START ENTRIES SHOWN

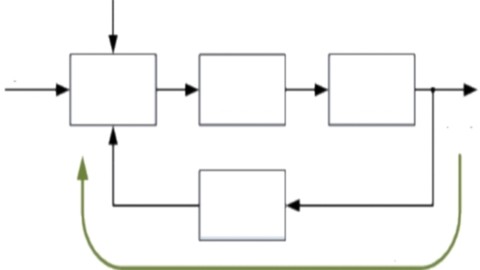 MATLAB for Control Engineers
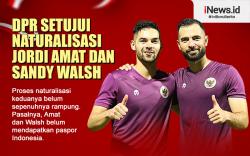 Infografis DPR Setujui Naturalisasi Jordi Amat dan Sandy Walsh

END ENTRIES SHOWN
START ENTRIES SHOWN

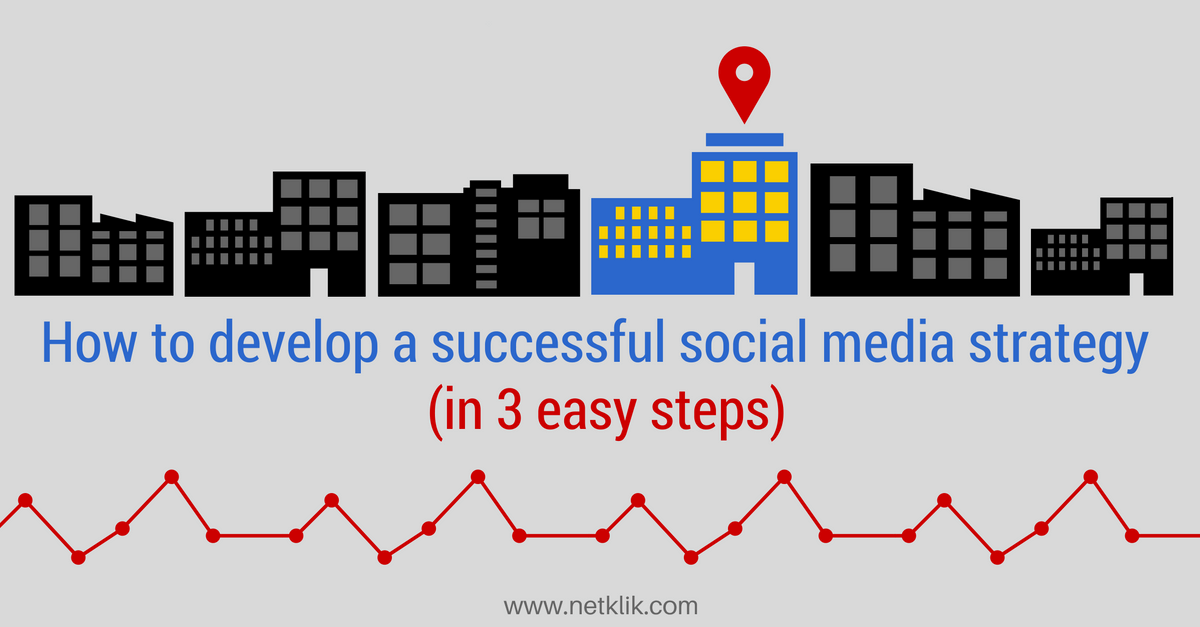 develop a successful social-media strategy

END ENTRIES SHOWN

* _WHAT THIS TASK INVOLVES_
Above are the records; copy exactly the lines from the one with "MATLAB for Control Engineers" through the one with "Infografis DPR Setujui", including both, and nothing more. Leave out pictures.

* _WRITTEN ANSWER_
 MATLAB for Control Engineers
 Infografis DPR Setujui Naturalisasi Jordi Amat dan Sandy Walsh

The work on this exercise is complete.